Working in the renewable industry can often be a challenging experience, particularly over the past six months or so with the confusion surrounding the Feed-In-Tariff. Now the uncertainty has been resolved, it appears the industry is on the up however there seems to be a number of misconceptions regarding solar PV that are widely accepted by the general public, causing understandable hesitation for consumers. Hopefully I’ll be able to clarify five of the most common.

1)      If you don’t have a South facing roof it won’t work.

It’s true that solar systems work best in certain circumstances; facing due South, 300 pitch from horizontal, and with good air circulation etc but that’s not to say it won’t be worthwhile in other situations. According to industry specific design software; a system facing South is likely to produce around 25% more energy than an identical system with an East or West aspect. In real life this figure can be much less. When analysing data we collect from our installed systems we can see that over the past six months a South facing system produced 9% more electricity than an identical array that faces East: 1935kWh and 1775kWh respectively. Thin film panels that work well in the lower light conditions of East or West roofs can also be specified. These panels take in a wider spectrum of light and are able to utilise the diffuse radiation more efficiently than standard panels. Using this technology instead of the more common crystalline modules can provide you with much higher yields in these circumstances.

2)      Any shading and the panels will shut down.

Although shading is important when considering a system its effects can easily be combated through careful design and specialist equipment. Panels can be arranged into separate strings so that the impact of shading is limited to the modules in that particular series, or even better; power boxes can be used to manage each panel’s output individually limiting the effect of shading to the sole unit it affects.
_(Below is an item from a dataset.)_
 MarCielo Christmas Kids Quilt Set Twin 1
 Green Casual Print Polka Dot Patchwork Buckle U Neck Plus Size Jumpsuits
3)      The financial returns aren’t good enough anymore.

Obviously the viability of a system is completely subjective but when considering current returns against say ISA accounts that offer 4% interest, a rate of return of 8-13% doesn’t sound that bad. The feed-in-tariff was originally designed to provide An IRR of 7% and with some systems achieving 15% it is clearly an area worth exploring.

4)      Panels will keep getting cheaper.
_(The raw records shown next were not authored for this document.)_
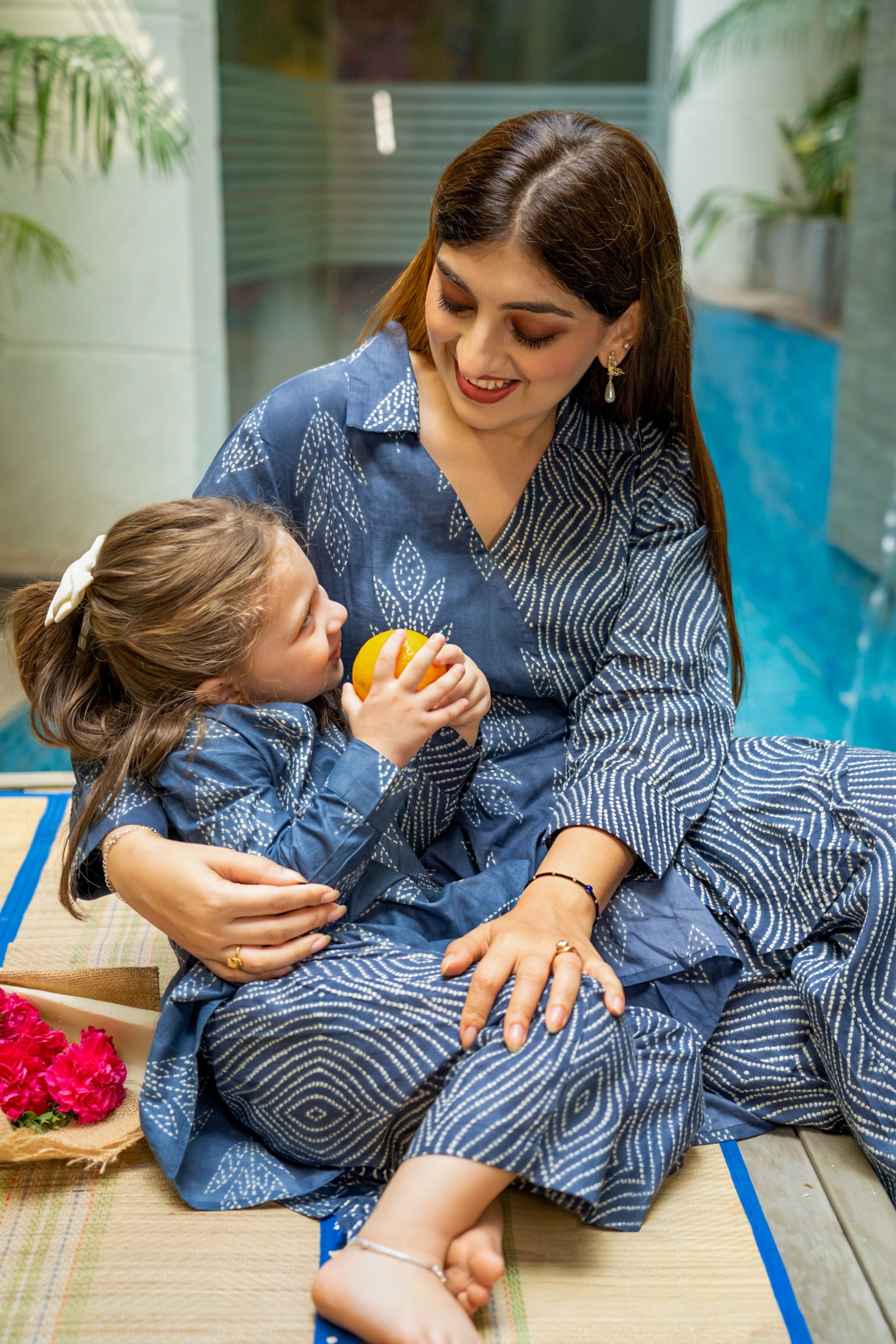 Floral Shibori Blue Cotton Co-ord Mother & Daughter Set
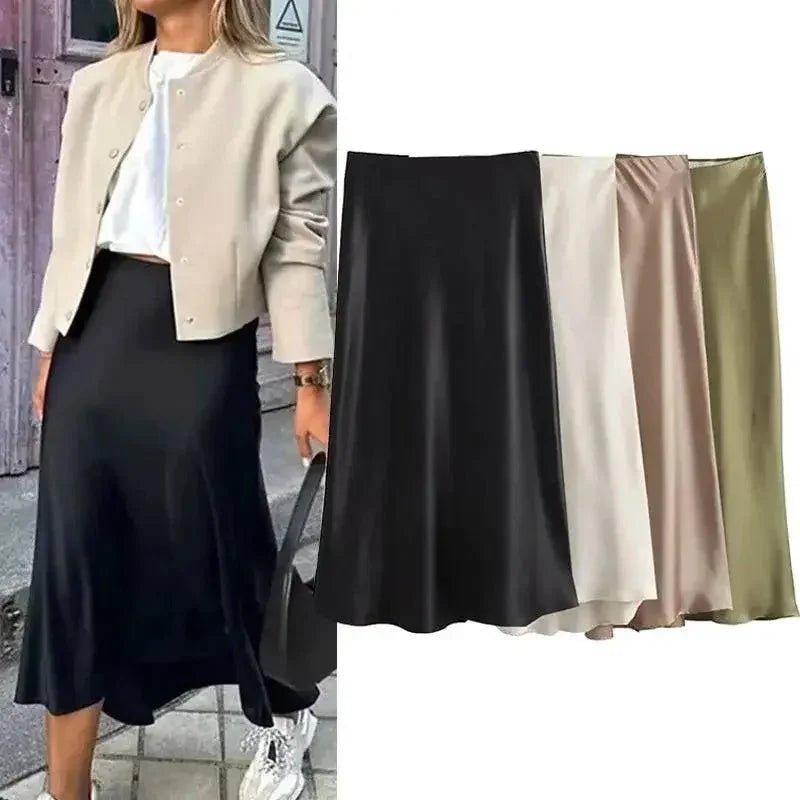 Women's satin midi skirt in black, cream, beige, olive — stylish & elegant fashion wear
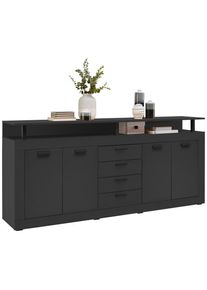 Xora Sideboard , Anthrazit , Kunststoff , 2 F&auml;cher , 4 Schublade(n) Schubladen , 195x88x38 cm , Kleinm&ouml;bel, Kommoden, Sideboards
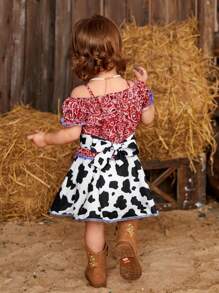 SHEIN 3pcs/Set Toddler Girls' New Fun Spring/Summer Outfit, Including Fun Printed Western Style Cowgirl Denim Shirt, Milk Print T-Shirt And Casual Jeans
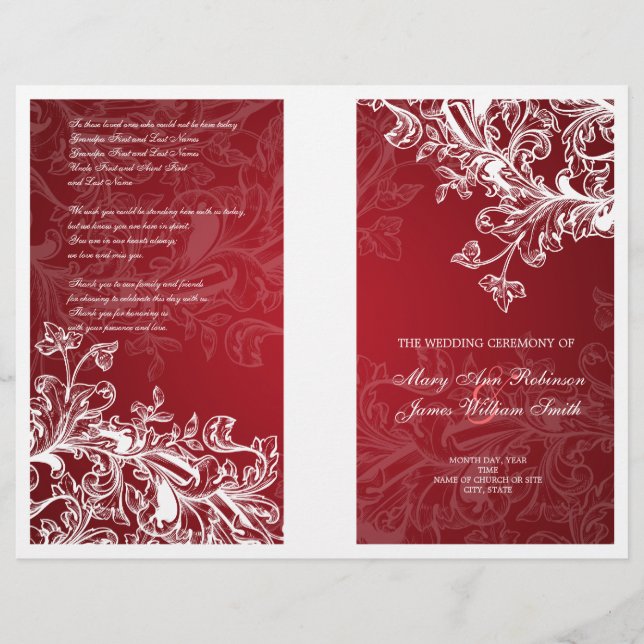 Elegant bröllop Program Vintage Swirls Red (Framsida)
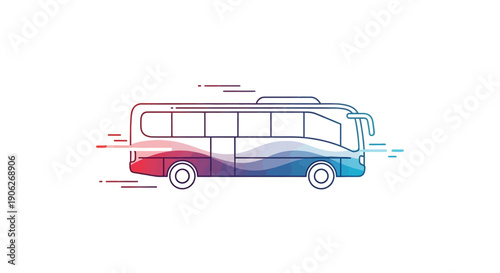 Modern outline bus vector illustration with gradient colors and speed lines representing swift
Although we may experience a small decrease of the cost of modules in the future it is unlikely to be anything like the meteoric change that occurred over the past year. Panel manufacturers were forced to reduce their profit margins by pressure from a very competitive industry, during an even more competitive time. The general consensus among industry experts is that panel prices have begun to stabilise and it is now the efficiency field that manufacturers will strive to improve.

5)      Solar systems don’t need any maintenance.
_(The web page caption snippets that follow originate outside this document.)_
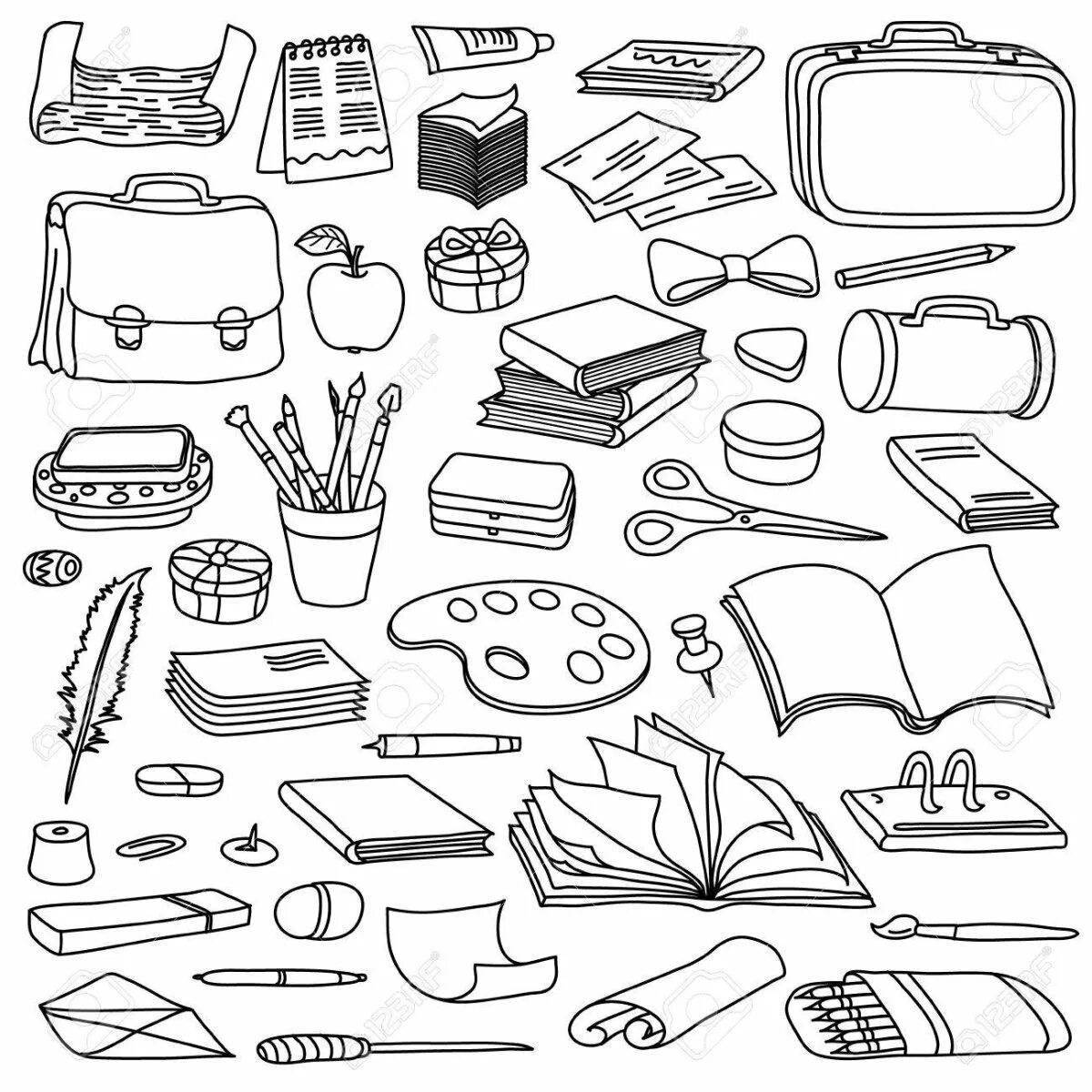 Colorful school supplies coloring pages for children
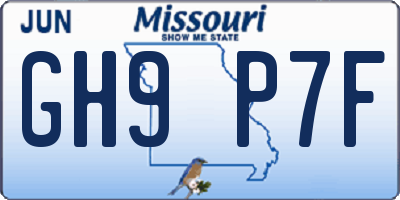 MO license plate GH9P7F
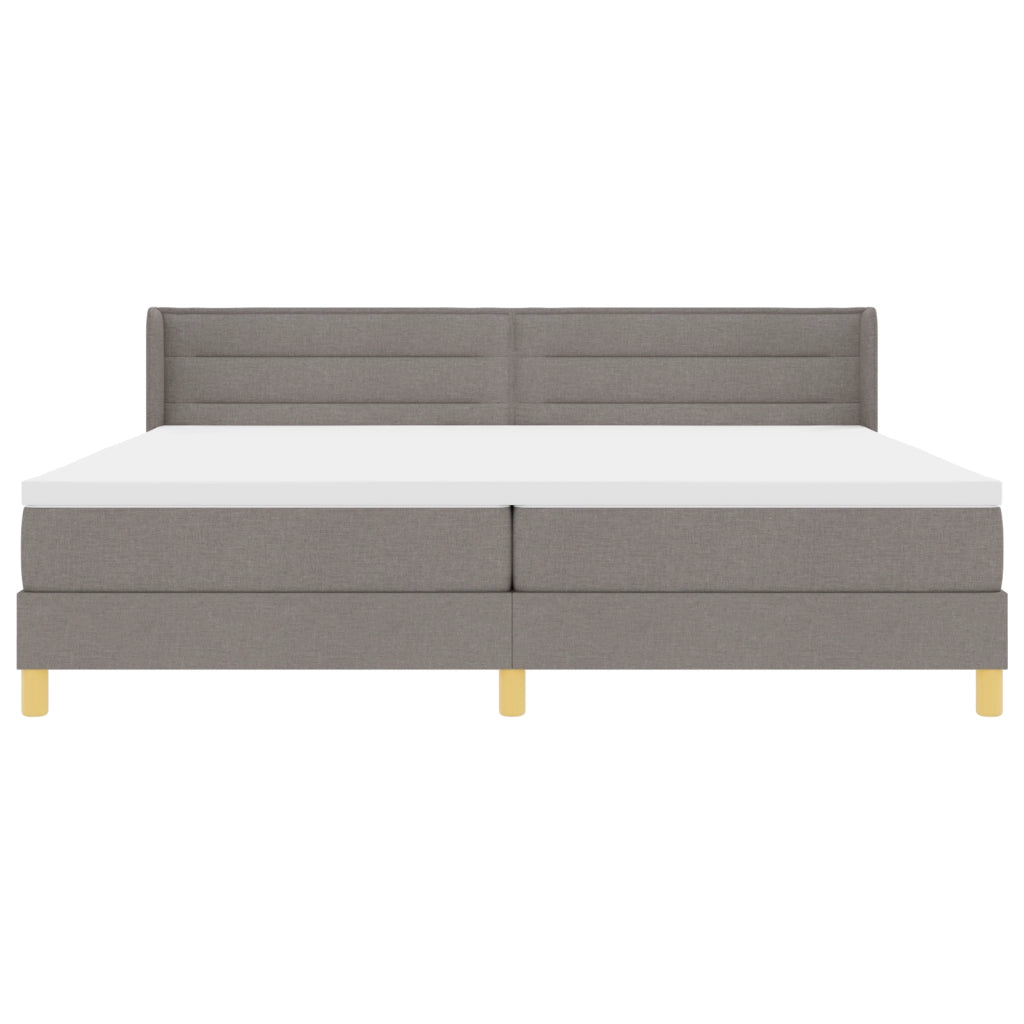 Letto a Box Spring con Materasso Tortora 200x200 cm Tessuto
Maintenance is often overlooked by a number of installation companies, however we feel it’s an integral part of the package. Continuous monitoring and care of your system is essential to give you its maximum energy yield and best performance. Through monitoring potential faults can be pre-empted or quickly identified, minimising their impact on your financial return. It is also important to note that regular system maintenance can be a requirement on manufacture guarantees and insurance requirements.